Le témoin
Bodmer, ses souvenirs de derbies
Il les a quasiment tous disputés sur le territoire. Ces matchs si particuliers, ces morceaux d'histoire. A 33 ans, Mathieu Bodmer a croqué dans les derbies les plus chauds de l'hexagone tout au long de sa carrière. De ses premiers pas à Caen au derby qui se profile face à Bastia (coup d'envoi vendredi à 20h30), le capitaine du Gym a accepté de replonger dans ses souvenirs, afin de décortiquer les batailles ayant construit son parcours. Chacune avec ses spécificités, son passé et sa propre vérité.
Caen (2000 - 2003) / Le Havre : « Le premier en pro »
« Maintenant, c'est la même région, mais à l'époque, il y avait deux régions séparées : la Haute et la Basse-Normandie. C'était un peu particulier, parce qu'on jouait contre Le Havre et moi je défendais les couleurs de Caen, alors que je suis Haut-Normand. Mais déjà entre Évreux – ville dont je suis originaire – et Le Havre, on ne s'aime pas beaucoup, donc le fait de les jouer avec Caen, ça continuait à aller dans ce sens-là, surtout que les deux clubs étaient partenaires.

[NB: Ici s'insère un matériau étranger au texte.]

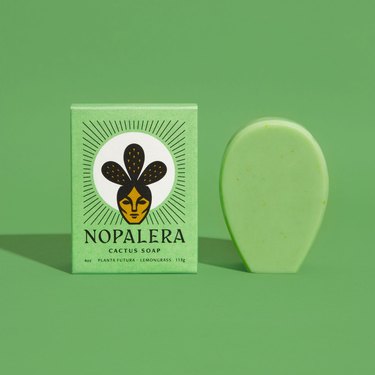 green soap box with green soap next to it on green background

Les deux villes n'ont rien à voir. Le Havre, c'est un port, c'est très industriel, comme l'est en règle générale la Haute-Normandie. La Basse est un peu plus agricole, un peu plus calme. Ce n'est pas du tout la même architecture, les mentalités n'ont rien à voir, les accents sont différents... A Évreux, la moitié des jeunes allait au Havre, l'autre à Caen, donc on se connaissait tous, je jouais contre beaucoup d'amis à moi. Il y avait une rivalité sur le terrain, mais en-dehors, on s'entendait bien. En pros, avec les supporters, celle-ci s'est accentuée. Il n'y avait pas autant d'engouement que ce qu'il peut y avoir en L1 sur des grosses affiches, mais c'était un bon derby pour démarrer... »
Lille (2003 - 2007) / Lens : « Le plus beau »
« Le derby du Nord, c'est celui entre la métropole (Lille) et « la cité ouvrière » où il y avait les mines (Lens), complètement opposées. Pour moi, c'est le plus beau que j'ai joué. A l'époque, il y avait également Valenciennes et Boulogne en L1, mais entre Lille et Lens, tout était différent. Les deux équipes étaient en haut de tableau. La grande ville contre la petite avec une énorme ferveur, qui me rappelle plus ou moins celle de St-Etienne.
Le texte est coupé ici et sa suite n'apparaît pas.